## GOAL OF THE EXERCISE
Restate word for word the lines in the listing below, starting at the line containing "China High Quality" and ending at the line containing "Вибратор-кролик CalExotics Impulse", both included; leave out the rest.

## RECORDS SHOWN
#####

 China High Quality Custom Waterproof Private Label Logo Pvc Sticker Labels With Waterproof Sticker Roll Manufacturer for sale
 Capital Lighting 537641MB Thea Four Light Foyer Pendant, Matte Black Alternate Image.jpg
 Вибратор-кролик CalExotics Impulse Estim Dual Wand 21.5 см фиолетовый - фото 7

#####

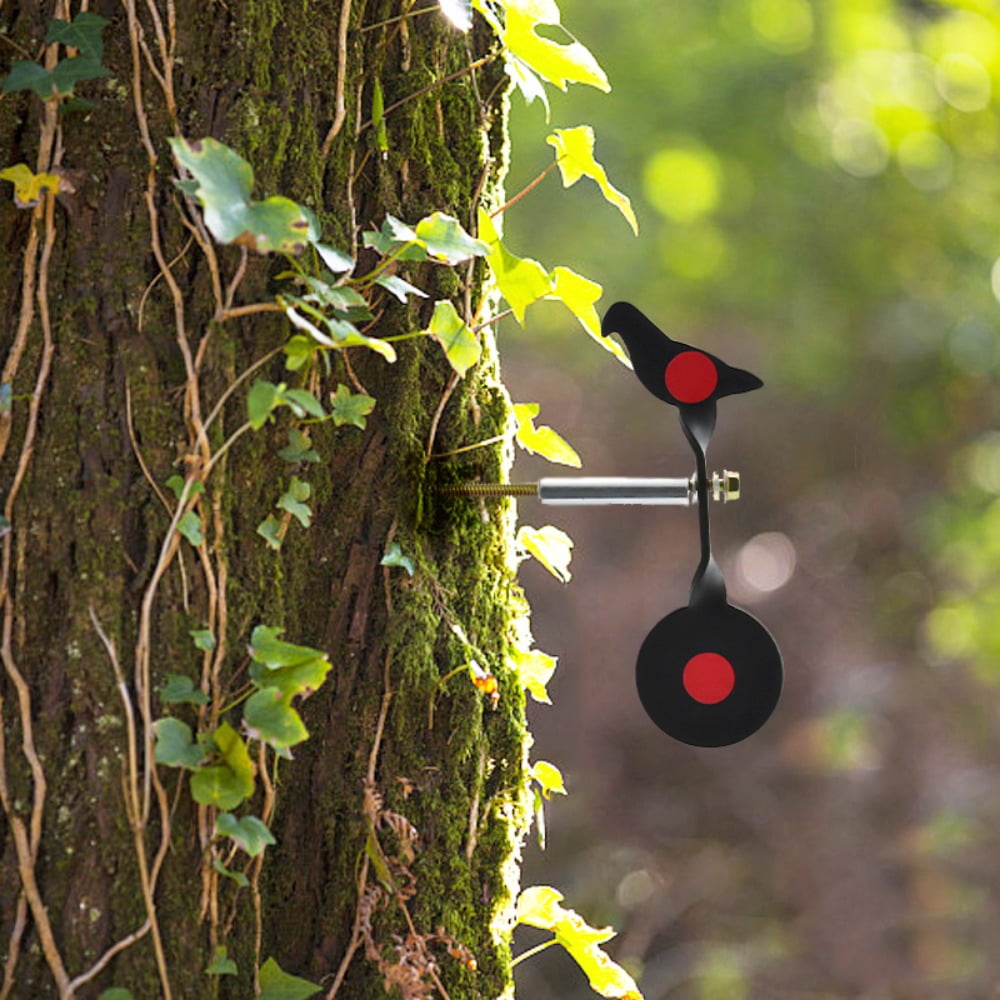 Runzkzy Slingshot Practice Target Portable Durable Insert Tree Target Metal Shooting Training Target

#####

## RESULT OF THE TASK
 China High Quality Custom Waterproof Private Label Logo Pvc Sticker Labels With Waterproof Sticker Roll Manufacturer for sale
 Capital Lighting 537641MB Thea Four Light Foyer Pendant, Matte Black Alternate Image.jpg
 Вибратор-кролик CalExotics Impulse Estim Dual Wand 21.5 см фиолетовый - фото 7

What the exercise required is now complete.